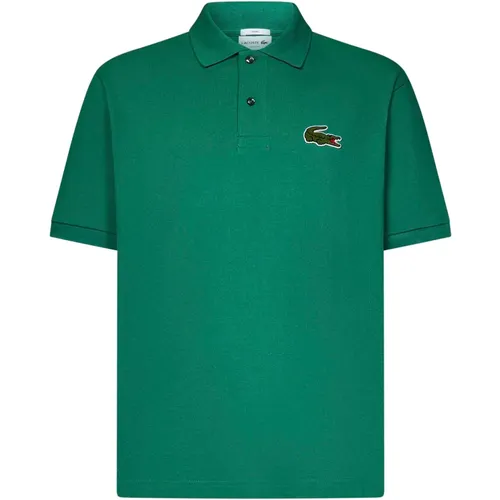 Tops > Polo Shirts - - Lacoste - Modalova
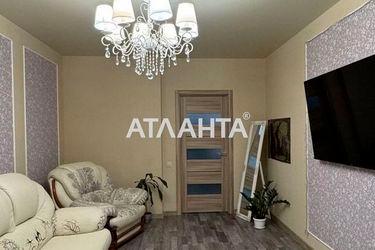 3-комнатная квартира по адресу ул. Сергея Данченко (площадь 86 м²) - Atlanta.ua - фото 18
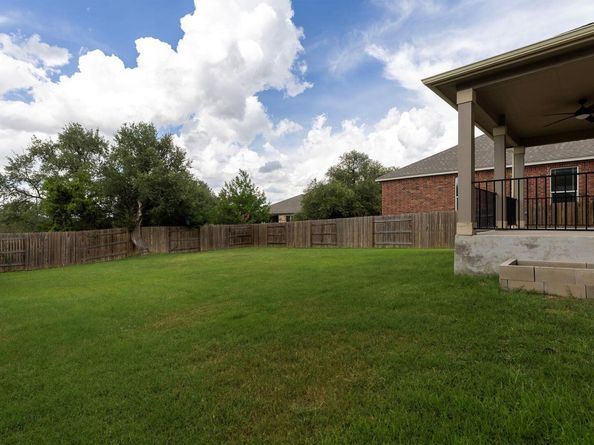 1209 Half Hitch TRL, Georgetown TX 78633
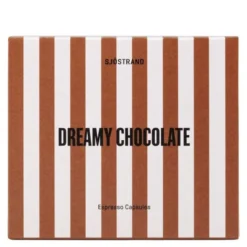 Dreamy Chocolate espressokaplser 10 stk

[Task objective]: When you repeat the data, keep every line exact and drop the images.

[The answer]:
 Tops > Polo Shirts - - Lacoste - Modalova
 3-комнатная квартира по адресу ул. Сергея Данченко (площадь 86 м²) - Atlanta.ua - фото 18
 1209 Half Hitch TRL, Georgetown TX 78633
 Dreamy Chocolate espressokaplser 10 stk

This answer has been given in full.